Space explorers' decades-old success and future ambitions were celebrated a day after NASA's attempt to resume manned space flights in the United States was delayed by a malfunctioning fuel sensor aboard the space shuttle Discovery. The launch was set to mark NASA's first shuttle flight since the Columbia broke apart on its return to Earth in 2003, killing all on board.

At Thursday's ceremony at the National Air and Space Museum, there was little talk of the U.S. space program's rocky recent history. Participants instead recalled the details of friendships between Cold War enemies made possible by the 1975 success.

The Apollo-Soyuz mission proved that U.S. and Soviet spacecraft were compatible, despite different measuring systems and air pressure standards. It also more symbolically proved U.S.-Soviet cooperation was possible despite diplomatic tensions.

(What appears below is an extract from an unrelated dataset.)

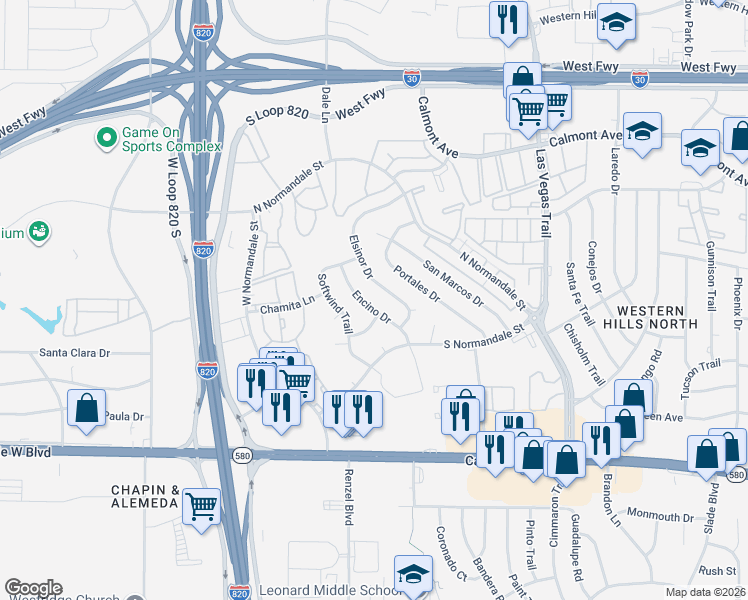 map of restaurants, bars, coffee shops, grocery stores, and more near 2928 Encino Drive in Fort Worth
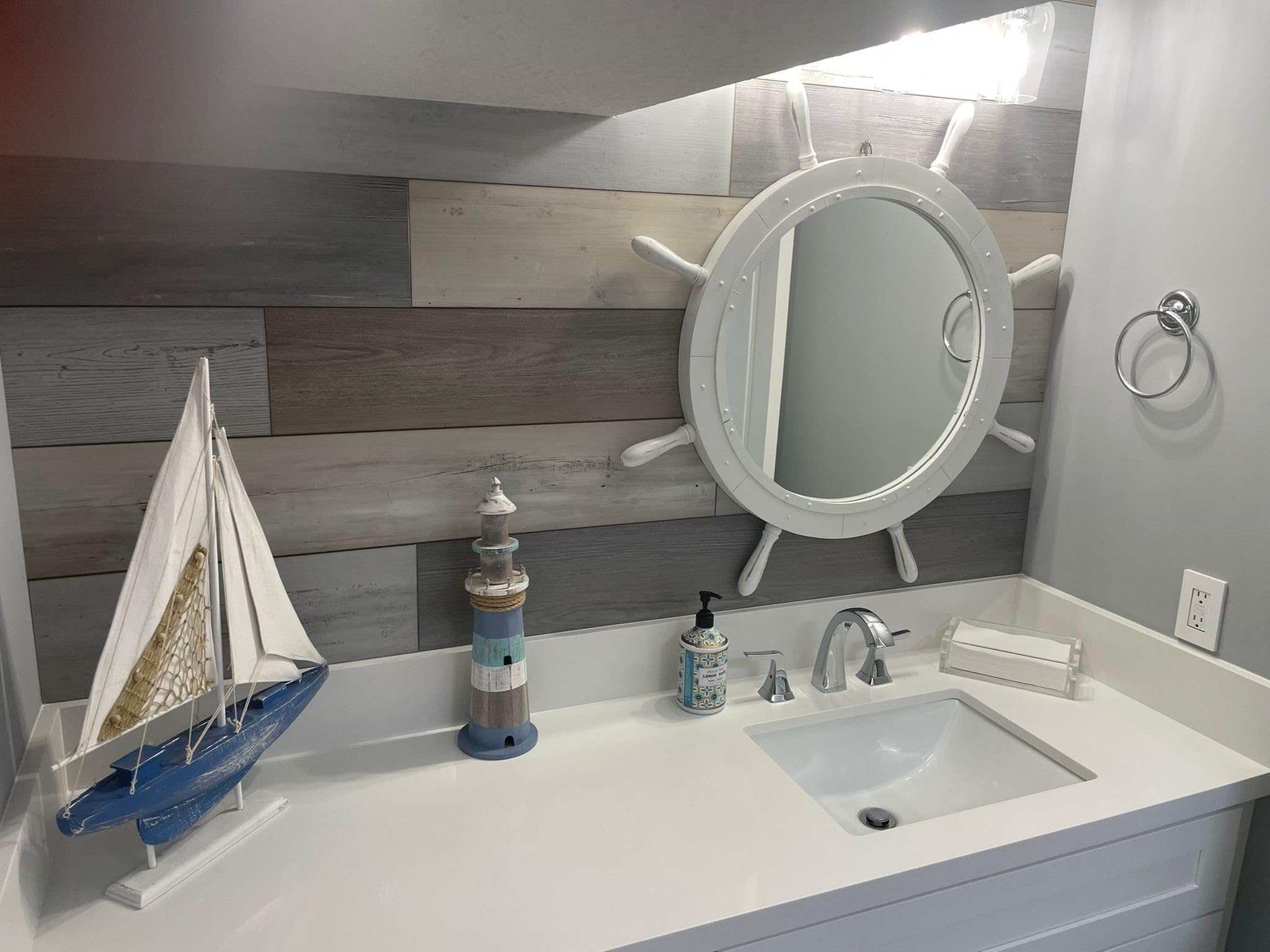 Nagina International Classic White Santorini Nautical Large Mirror Ship Wheel - 30 Inch Wall Mounted Decorative Mirror for Coastal Home Decor, Beach House, Living Room & Bathroom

"It was the very heights of the Cold War, with thousands of nuclear weapons aimed at each country," said retired Lt. Gen. Thomas Stafford, who manned the Apollo with Vance Brand and the late Donald Slayton. "Yet both superpowers had great accomplishments in space, so we decided to work together."

"We were able to succeed because we never got into politics," said Valeriy Kubasov, Soyuz' other cosmonaut of the 1975 flight.